▸ **Task directions**
Only the pictures are to be dropped; return all other data below exactly.

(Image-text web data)

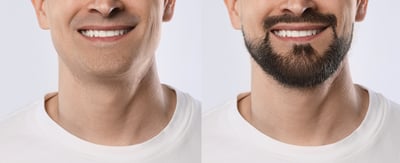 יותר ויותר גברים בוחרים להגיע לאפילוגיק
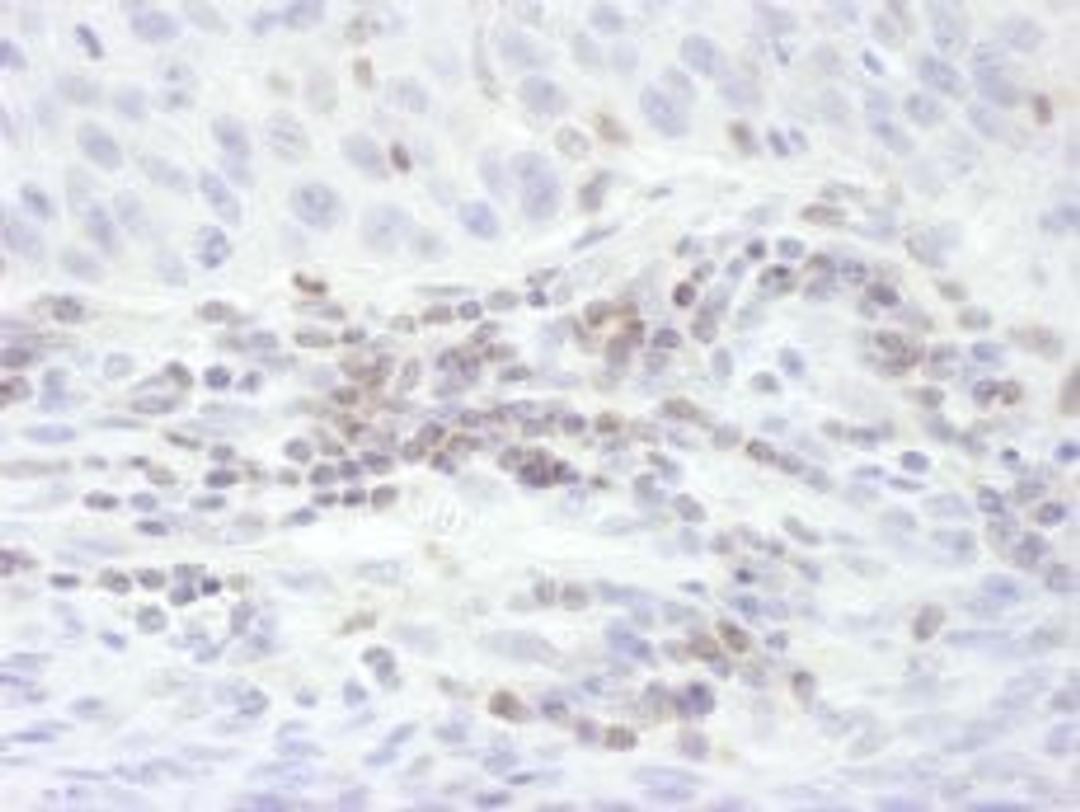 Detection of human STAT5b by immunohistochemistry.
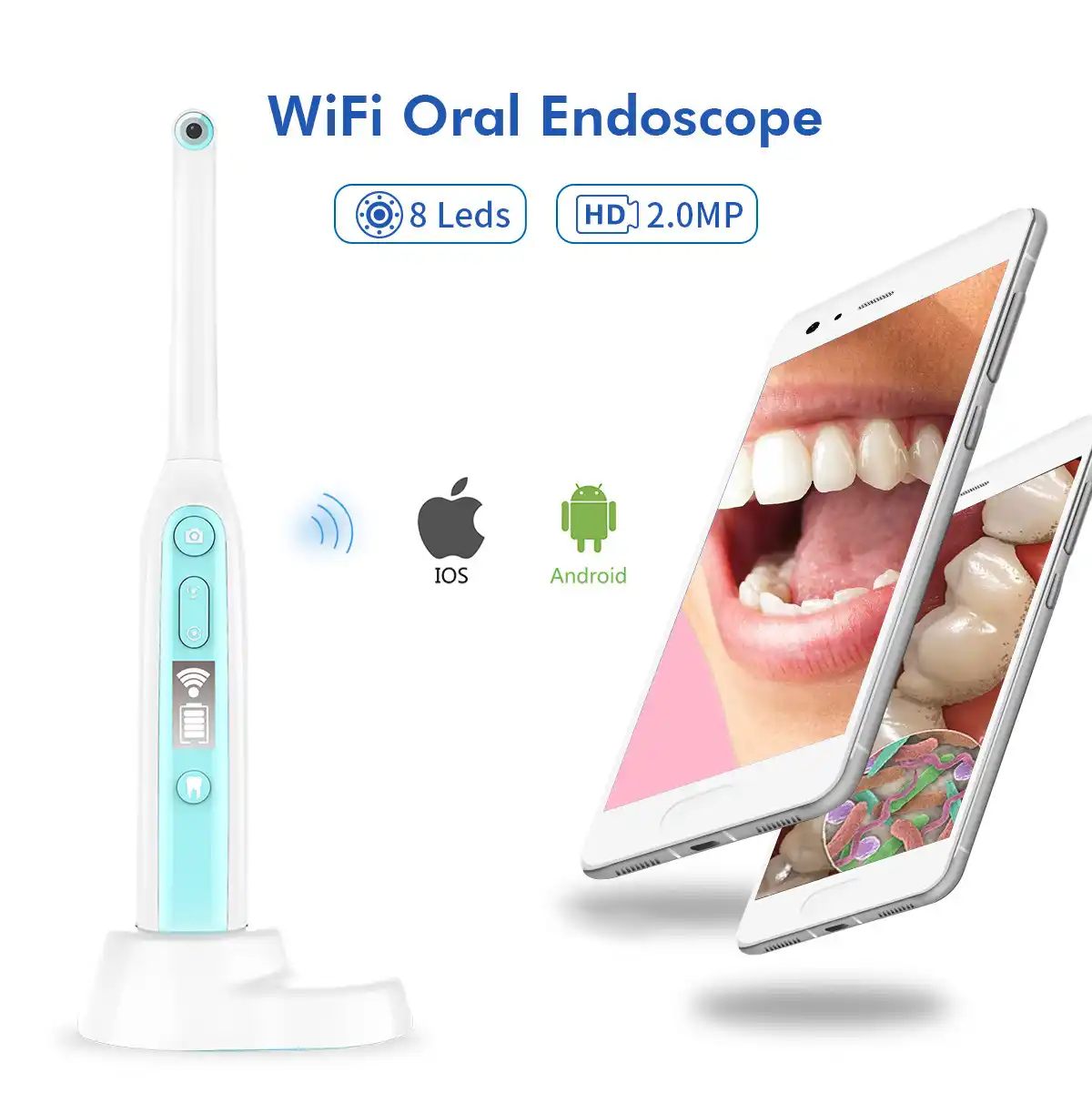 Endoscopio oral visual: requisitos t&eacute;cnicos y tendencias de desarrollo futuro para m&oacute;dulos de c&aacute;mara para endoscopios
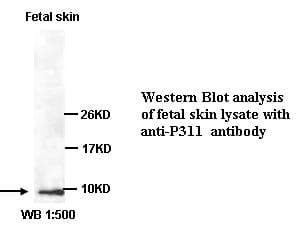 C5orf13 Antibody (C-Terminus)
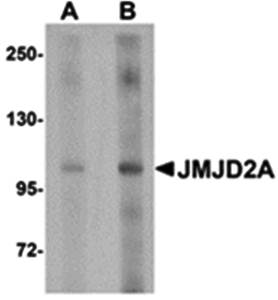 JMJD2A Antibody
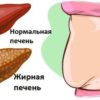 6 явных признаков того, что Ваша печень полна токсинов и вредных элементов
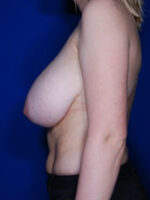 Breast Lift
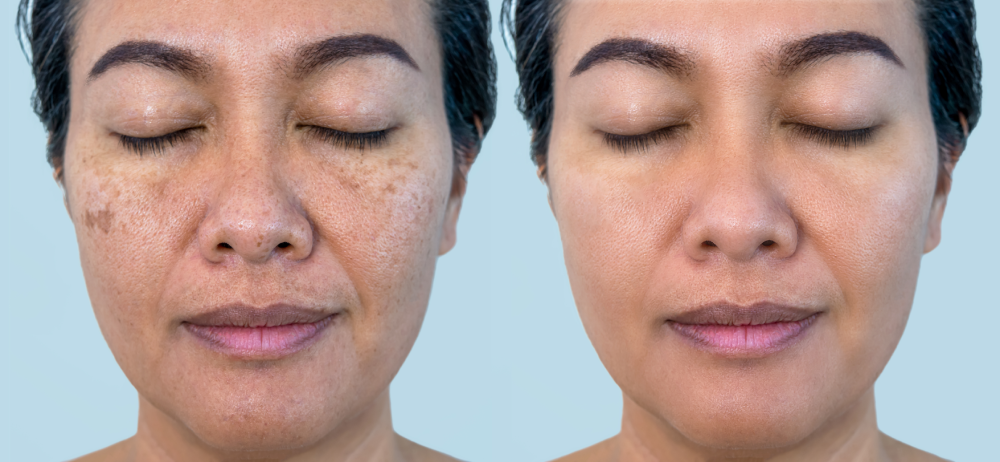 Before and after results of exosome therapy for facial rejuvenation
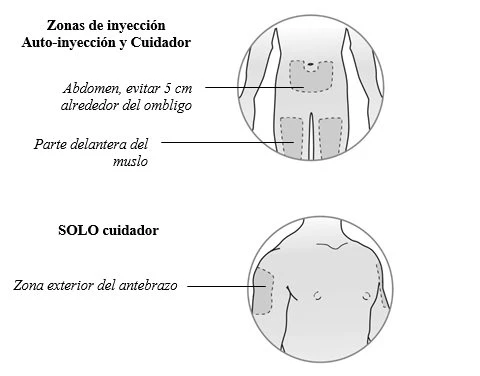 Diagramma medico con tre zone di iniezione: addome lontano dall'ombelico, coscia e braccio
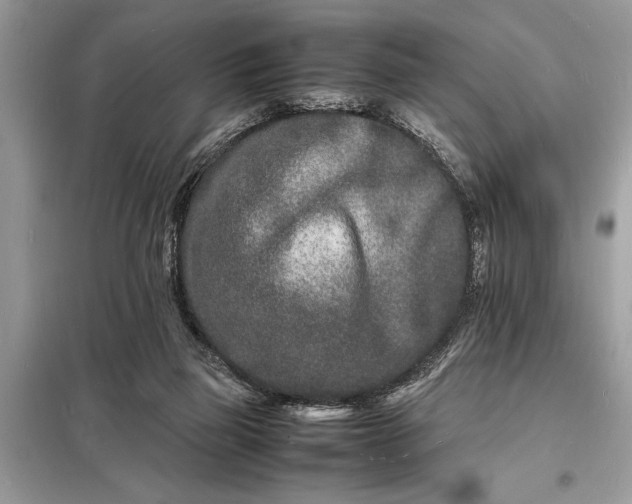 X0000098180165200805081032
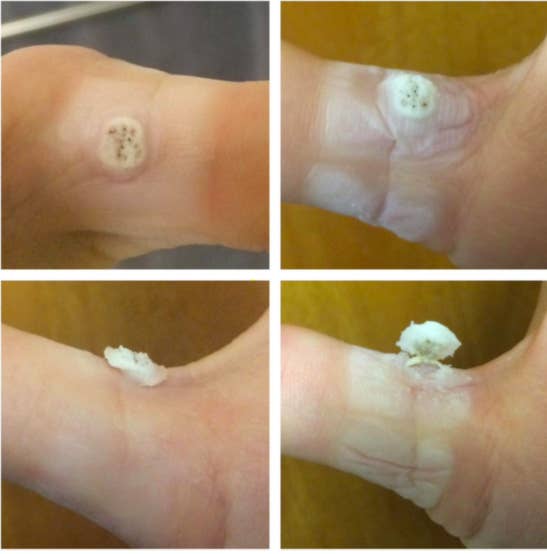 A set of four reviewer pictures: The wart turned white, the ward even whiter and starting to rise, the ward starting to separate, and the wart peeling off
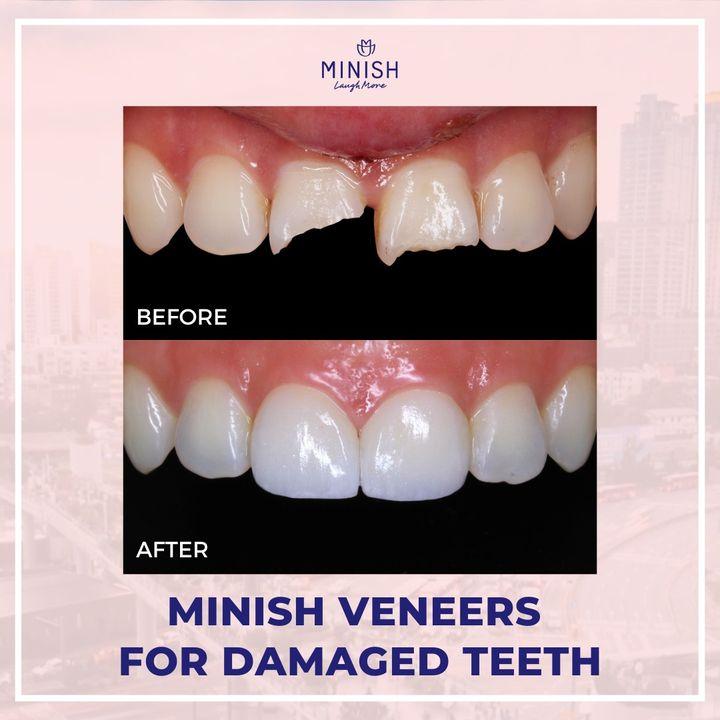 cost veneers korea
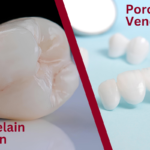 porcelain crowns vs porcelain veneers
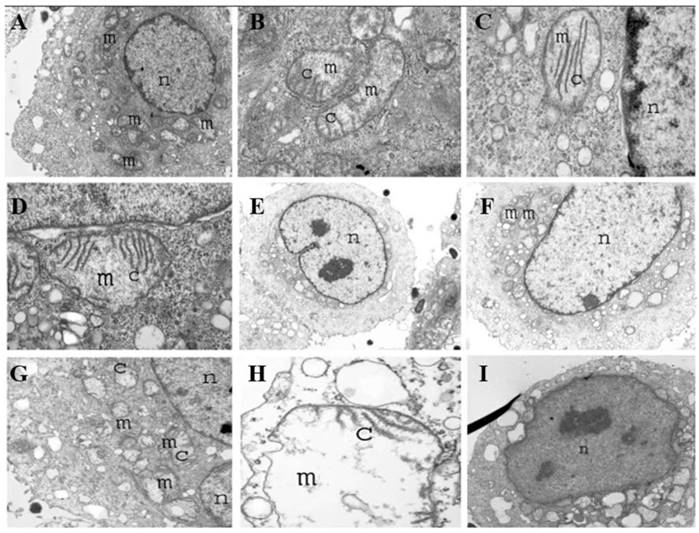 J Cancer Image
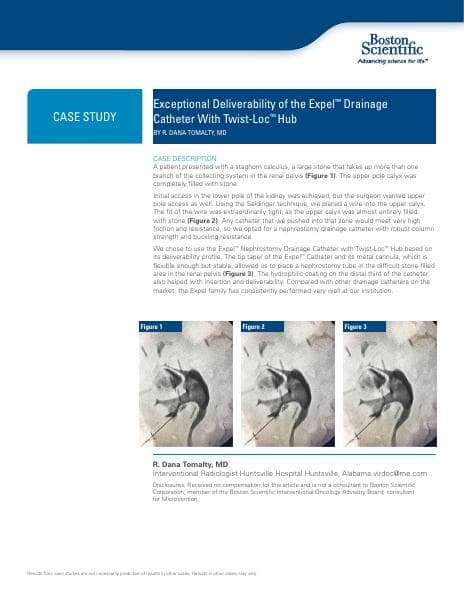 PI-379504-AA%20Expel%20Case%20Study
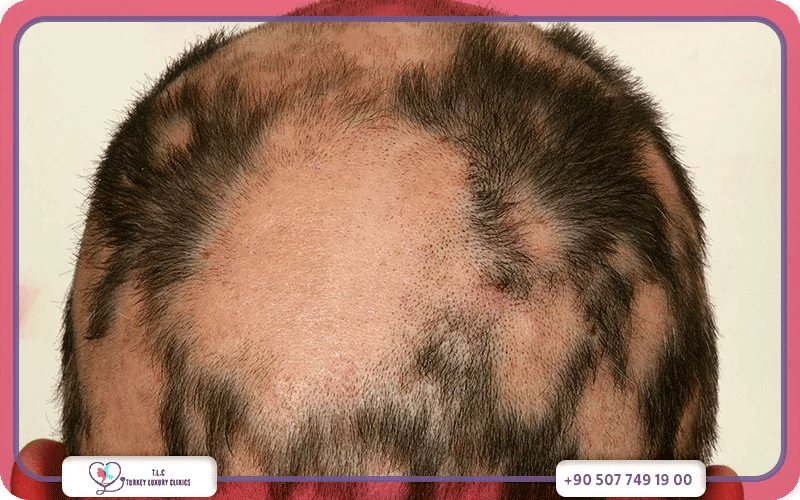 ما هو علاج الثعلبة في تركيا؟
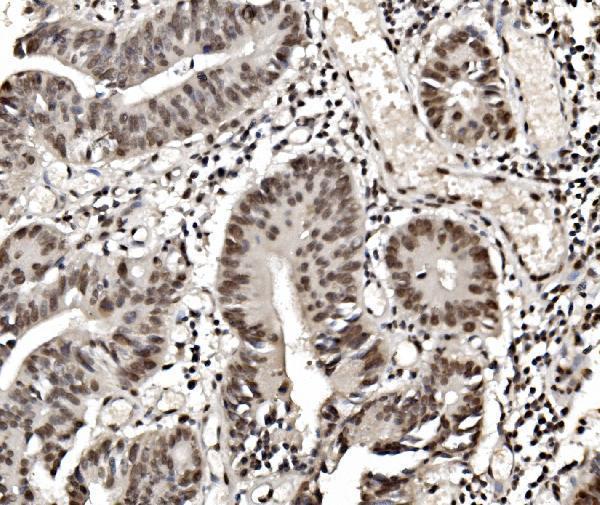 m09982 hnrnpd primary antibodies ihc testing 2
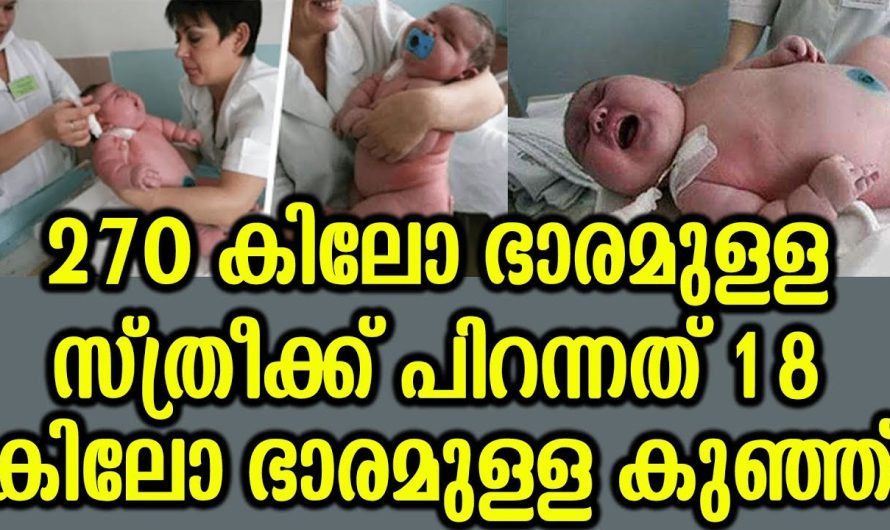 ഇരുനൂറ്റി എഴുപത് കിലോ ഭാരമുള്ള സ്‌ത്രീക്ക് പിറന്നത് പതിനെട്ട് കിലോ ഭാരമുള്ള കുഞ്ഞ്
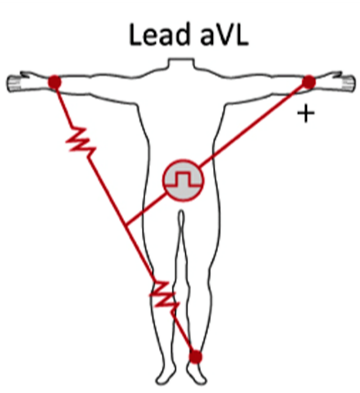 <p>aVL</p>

▸ **Finished exercise**
 יותר ויותר גברים בוחרים להגיע לאפילוגיק
 Detection of human STAT5b by immunohistochemistry.
 Endoscopio oral visual: requisitos t&eacute;cnicos y tendencias de desarrollo futuro para m&oacute;dulos de c&aacute;mara para endoscopios
 C5orf13 Antibody (C-Terminus)
 JMJD2A Antibody
 6 явных признаков того, что Ваша печень полна токсинов и вредных элементов
 Breast Lift
 Before and after results of exosome therapy for facial rejuvenation
 Diagramma medico con tre zone di iniezione: addome lontano dall'ombelico, coscia e braccio
 X0000098180165200805081032
 A set of four reviewer pictures: The wart turned white, the ward even whiter and starting to rise, the ward starting to separate, and the wart peeling off
 cost veneers korea
 porcelain crowns vs porcelain veneers
 J Cancer Image
 PI-379504-AA%20Expel%20Case%20Study
 ما هو علاج الثعلبة في تركيا؟
 m09982 hnrnpd primary antibodies ihc testing 2
 ഇരുനൂറ്റി എഴുപത് കിലോ ഭാരമുള്ള സ്‌ത്രീക്ക് പിറന്നത് പതിനെട്ട് കിലോ ഭാരമുള്ള കുഞ്ഞ്
 <p>aVL</p>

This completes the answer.